DK: Deliberate interventions by Government in soya beans, cotton and tobacco production has yielded positive results that witnessed tobacco production reaching unprecedented levels of 252 million kilogrammes in the 2017/2018 production season. Similarly, efforts are underway to resuscitate the tea and coffee plantations in Manicaland (Chipinge, Chimanimani and Honde Valley).
VG: The implements from Belarus… What has materialised so far?
DK: Processes are at an advanced stage and Government is expecting the implements as soon as the Reserve Bank of Zimbabwe (RBZ) pays the initial payment for the supplier to start delivering.
VG: In terms of irrigation development how far have we gone as a country?

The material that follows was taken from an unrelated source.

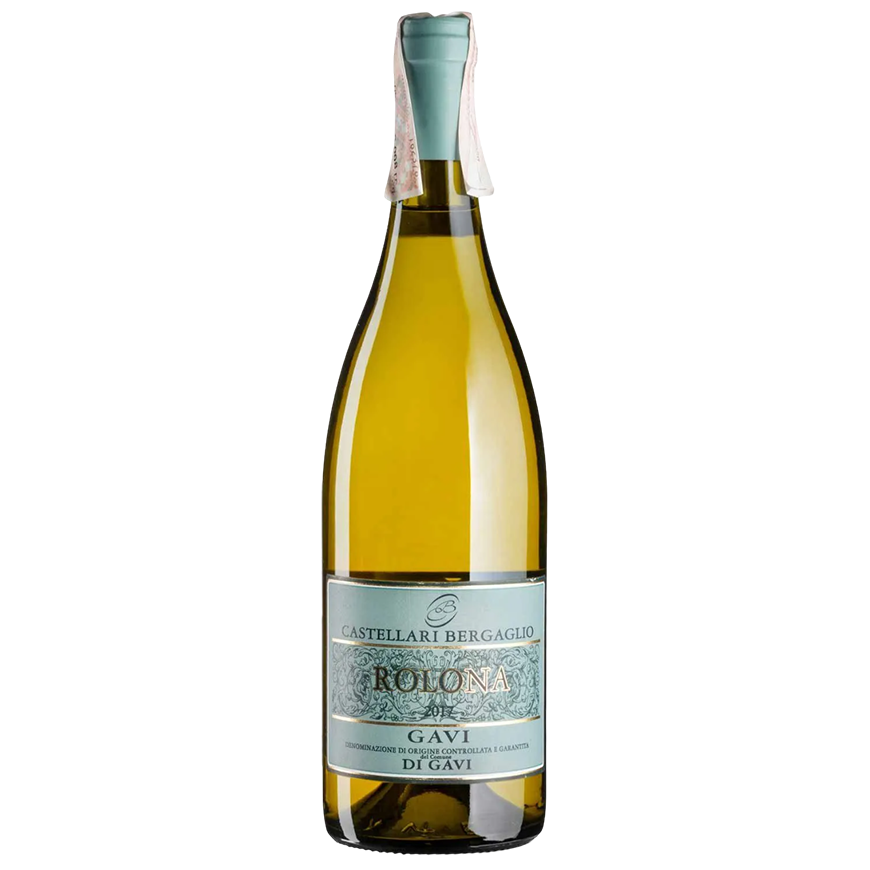 Castellari Bergaglio Rolona Gavi di Gavi DOCG 2023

DK: Government has identified the irrigation potential to be at 2 million hectares. Furthermore, a national irrigation master plan was developed to cover the short, medium and long term. To date 300 000 has have been identified and should be fully developed by 2030. Government is also implementing the 200 hectares per district irrigation development project.
The following initiatives are being pursued to realise the country’s irrigation potential.
– Assisting A2 farmers with installation of 80 centre pivots covering 2900ha
– Rehabilitating and expanding Nyakomba Irrigation using funding from the Japanese Government through JICA.
– Revitalising smallholder irrigation schemes in Manicaland, Matabeleland South, Masvingo and Midlands Provinces using Funds from IFAD and OFID
– Rehabilitating 34 irrigation schemes through FAO under the SIP programme being co-financed by EU and SDC.
– Developing 2500ha of irrigation in Beitbridge District, Matabeleland South Province using Zhove Dam waters. The Project is being financed by Kuwait Fund and Abu Dhabi. Implementation has just started.